Did you know that there's many communities in Orange County that back to a habitat reserve or have them as neighbors? Here in South Orange County, the cities of San Clemente and San Juan Capistrano, Ladera Ranch and the future Rancho Mission Viejo enjoy the nature reserve known as 'The Reserve at Rancho Mission Viejo'. This area is also known as the Richard and Donna O'Neill Conservancy (RDOC), a growing habitat reserve in the coastal foothills of Orange County, California,which is home to the famous 'Mother Oak', as well as many native plants, grasslands and coastal sage scrub.
Here's some facts about the Conservancy:
- 1,200 acres of preserved open space located on The Reserve at Rancho Mission Viejo, part of the historic Rancho Mission Viejo in southeast Orange County, California.
- The Reserve at Rancho Mission Viejo is a growing habitat reserve governed by a comprehensive Habitat Conservation Plan (HCP) for Southeast Orange County. Over time, 16,536 acres of Rancho Mission Viejo lands will be preserved, in perpetuity, as open space. Including County parkland, HCP protected land will eventually total more than 32,800 acres.
- The Reserve at Rancho Mission Viejo lands–including The Richard & Donna O’Neill Conservancy–are managed by the Rancho Mission Viejo Land Trust, a non-profit organization whose mission is "to preserve and enhance Reserve lands for ecological, educational, charitable, conservation, open space, scientific, and recreational uses."
Plant communities and habitats found on The Conservancy are representative of Southern California as it appeared before arrival of Spanish settlers more than two centuries ago. Oak woodlands, coastal sage scrub, and grasslands dominate the landscape. Canyons are home to more than 6,000 Coast Live Oak trees, along with groves of huge Sycamores. Lemonadeberry, California Sagebrush, Toyon, White Sage, and Monkey Flower are among the natives found within the scrublands.
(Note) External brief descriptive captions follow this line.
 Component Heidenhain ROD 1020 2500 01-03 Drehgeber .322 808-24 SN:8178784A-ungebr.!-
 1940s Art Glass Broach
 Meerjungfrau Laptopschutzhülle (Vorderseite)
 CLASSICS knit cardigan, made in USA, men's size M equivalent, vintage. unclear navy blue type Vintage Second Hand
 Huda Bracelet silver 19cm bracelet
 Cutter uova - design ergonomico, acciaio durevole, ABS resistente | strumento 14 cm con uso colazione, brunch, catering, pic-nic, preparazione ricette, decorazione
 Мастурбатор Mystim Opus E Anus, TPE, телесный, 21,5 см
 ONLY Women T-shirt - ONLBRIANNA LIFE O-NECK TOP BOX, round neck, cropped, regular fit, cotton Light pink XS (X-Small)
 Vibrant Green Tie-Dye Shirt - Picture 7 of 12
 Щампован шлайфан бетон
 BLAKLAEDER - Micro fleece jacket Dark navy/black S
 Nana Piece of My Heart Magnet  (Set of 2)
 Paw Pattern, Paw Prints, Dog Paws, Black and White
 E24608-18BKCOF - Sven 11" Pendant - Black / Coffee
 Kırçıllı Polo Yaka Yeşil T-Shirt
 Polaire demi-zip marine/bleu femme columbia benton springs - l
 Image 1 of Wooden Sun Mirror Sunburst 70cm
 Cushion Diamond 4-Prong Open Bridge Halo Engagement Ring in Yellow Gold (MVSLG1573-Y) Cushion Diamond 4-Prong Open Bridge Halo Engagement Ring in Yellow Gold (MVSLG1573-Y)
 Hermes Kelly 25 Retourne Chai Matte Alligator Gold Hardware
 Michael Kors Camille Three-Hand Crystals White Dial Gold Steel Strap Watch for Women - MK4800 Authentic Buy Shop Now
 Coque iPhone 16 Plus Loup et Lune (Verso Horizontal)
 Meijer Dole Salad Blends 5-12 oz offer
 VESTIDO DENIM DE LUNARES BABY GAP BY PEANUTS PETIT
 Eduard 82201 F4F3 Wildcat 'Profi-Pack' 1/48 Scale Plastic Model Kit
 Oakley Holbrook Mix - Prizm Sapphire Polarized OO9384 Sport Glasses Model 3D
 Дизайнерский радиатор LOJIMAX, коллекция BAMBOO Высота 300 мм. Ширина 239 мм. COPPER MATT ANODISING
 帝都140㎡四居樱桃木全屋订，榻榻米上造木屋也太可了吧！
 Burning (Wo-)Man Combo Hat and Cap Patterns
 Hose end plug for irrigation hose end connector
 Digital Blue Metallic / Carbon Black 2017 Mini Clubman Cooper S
Of special interest are the high quality Native Valley Grasslands, composed of purple needle grass, and perennial spring wildflowers, such as California Buttercup, Lupine, Shooting Star, Wild Hyacinth, Checker Bloom and Mariposa Lily. Unique botanical resources abound, including a distinct population of California Juniper (normally found closer to the desert) and ancient Coast Live Oaks.
As far as animals go, the Conservancy creates an ideal habitat for mule deer, fox, mountain lion and bobcat. Many threatened, endangered, and rare species are found here, including Many-Stemmed Dudleya, Turkish Rugging, Cactus Wren, San Diego Coast Horned Lizard, Arroyo Toad, and Orange Throated Whiptail lizard.
There's many programs and public education about the Reserve, like: wilflower walks on the RDOC, Falconry demonstrations at the Ladera Ranch Open Space and rattlesnake workshops. Remember, you must be a part of a program to enter The Reserve, and people without permissions are subject to penalties of up to $400.